**Task requirements:** Copy out the lines of the material that include the string "Venda".
#### Recorded information ####
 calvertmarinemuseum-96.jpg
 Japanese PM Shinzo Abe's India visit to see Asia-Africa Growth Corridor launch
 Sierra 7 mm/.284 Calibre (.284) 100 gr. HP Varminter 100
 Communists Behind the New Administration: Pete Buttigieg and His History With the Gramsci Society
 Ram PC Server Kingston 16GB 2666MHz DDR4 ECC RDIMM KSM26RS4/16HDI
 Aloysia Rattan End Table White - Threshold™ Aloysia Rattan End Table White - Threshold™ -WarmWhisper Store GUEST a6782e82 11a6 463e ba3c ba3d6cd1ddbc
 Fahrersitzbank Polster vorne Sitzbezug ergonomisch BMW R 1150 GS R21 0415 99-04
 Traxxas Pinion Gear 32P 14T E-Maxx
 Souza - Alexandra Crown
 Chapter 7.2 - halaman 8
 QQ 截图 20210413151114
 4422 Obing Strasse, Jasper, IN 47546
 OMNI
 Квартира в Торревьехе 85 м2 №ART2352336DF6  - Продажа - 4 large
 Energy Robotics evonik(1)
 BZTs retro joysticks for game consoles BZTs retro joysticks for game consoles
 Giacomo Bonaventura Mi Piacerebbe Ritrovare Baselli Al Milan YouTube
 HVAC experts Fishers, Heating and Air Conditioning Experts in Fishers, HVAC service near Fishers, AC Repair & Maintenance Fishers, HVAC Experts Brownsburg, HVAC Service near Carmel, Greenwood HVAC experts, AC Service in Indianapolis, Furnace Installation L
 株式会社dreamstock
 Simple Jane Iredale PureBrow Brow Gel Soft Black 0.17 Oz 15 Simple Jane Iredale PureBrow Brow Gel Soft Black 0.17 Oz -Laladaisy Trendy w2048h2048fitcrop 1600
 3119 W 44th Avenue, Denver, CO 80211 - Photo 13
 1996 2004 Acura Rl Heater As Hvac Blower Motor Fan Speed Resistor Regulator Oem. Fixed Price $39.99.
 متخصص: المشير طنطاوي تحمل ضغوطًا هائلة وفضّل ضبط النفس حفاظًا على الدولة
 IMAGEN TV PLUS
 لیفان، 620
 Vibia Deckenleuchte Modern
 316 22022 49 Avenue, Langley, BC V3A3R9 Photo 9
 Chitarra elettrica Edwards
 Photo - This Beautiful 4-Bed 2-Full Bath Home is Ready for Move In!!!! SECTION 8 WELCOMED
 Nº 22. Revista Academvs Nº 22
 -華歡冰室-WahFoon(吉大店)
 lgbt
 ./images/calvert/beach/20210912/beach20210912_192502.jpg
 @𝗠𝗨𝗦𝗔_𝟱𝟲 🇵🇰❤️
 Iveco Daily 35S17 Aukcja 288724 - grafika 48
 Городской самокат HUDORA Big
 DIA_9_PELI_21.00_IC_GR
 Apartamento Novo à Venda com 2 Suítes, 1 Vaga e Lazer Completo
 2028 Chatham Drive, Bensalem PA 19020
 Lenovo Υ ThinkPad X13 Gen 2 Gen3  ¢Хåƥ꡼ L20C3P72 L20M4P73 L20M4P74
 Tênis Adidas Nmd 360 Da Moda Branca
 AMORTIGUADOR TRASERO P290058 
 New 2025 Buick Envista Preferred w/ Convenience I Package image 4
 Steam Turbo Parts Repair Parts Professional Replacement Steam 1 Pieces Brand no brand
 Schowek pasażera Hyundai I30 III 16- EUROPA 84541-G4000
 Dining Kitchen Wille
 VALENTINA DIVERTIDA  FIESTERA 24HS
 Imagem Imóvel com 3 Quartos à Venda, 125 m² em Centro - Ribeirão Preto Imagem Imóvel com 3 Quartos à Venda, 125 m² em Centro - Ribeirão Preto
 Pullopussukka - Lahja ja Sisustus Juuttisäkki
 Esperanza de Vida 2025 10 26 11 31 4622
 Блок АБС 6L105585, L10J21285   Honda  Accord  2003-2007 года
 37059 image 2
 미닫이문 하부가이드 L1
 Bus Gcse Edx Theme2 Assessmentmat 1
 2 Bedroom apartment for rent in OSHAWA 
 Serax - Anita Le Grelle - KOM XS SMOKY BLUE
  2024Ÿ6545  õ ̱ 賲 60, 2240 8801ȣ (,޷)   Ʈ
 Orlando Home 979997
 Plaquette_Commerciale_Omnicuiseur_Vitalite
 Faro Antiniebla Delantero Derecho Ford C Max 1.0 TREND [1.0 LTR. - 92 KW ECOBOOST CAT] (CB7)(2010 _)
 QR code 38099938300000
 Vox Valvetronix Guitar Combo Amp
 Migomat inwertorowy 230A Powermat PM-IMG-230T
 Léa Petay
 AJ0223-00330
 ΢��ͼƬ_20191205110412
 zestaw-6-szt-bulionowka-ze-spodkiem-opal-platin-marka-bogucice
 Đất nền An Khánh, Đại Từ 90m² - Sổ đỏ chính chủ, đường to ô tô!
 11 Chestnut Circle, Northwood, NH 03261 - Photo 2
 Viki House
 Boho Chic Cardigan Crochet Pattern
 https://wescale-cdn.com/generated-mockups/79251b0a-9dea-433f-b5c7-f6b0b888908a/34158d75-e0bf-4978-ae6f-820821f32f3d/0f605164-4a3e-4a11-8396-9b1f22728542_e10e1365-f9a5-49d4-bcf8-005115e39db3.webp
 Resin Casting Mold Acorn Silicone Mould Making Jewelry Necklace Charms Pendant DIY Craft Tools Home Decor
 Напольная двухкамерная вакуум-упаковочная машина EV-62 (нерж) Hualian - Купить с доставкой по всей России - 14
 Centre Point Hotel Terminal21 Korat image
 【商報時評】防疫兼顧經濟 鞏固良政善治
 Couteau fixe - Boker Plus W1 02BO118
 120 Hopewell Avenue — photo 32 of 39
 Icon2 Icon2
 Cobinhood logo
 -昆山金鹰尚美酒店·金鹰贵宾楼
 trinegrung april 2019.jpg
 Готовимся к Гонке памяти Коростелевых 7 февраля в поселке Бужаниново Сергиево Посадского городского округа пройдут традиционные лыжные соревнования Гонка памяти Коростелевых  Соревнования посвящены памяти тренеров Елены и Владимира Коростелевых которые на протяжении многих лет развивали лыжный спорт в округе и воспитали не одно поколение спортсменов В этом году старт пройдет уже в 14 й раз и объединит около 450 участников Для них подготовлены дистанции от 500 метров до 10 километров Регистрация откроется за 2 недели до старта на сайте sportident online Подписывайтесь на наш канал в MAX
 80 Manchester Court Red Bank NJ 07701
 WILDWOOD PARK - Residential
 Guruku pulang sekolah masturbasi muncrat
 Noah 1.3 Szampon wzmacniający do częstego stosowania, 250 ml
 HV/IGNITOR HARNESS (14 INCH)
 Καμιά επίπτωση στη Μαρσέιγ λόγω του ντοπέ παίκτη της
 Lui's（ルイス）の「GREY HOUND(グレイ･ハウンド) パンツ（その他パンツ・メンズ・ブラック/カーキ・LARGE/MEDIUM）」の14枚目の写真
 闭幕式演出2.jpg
####
**Finished task:**
 Apartamento Novo à Venda com 2 Suítes, 1 Vaga e Lazer Completo
 Imagem Imóvel com 3 Quartos à Venda, 125 m² em Centro - Ribeirão Preto Imagem Imóvel com 3 Quartos à Venda, 125 m² em Centro - Ribeirão Preto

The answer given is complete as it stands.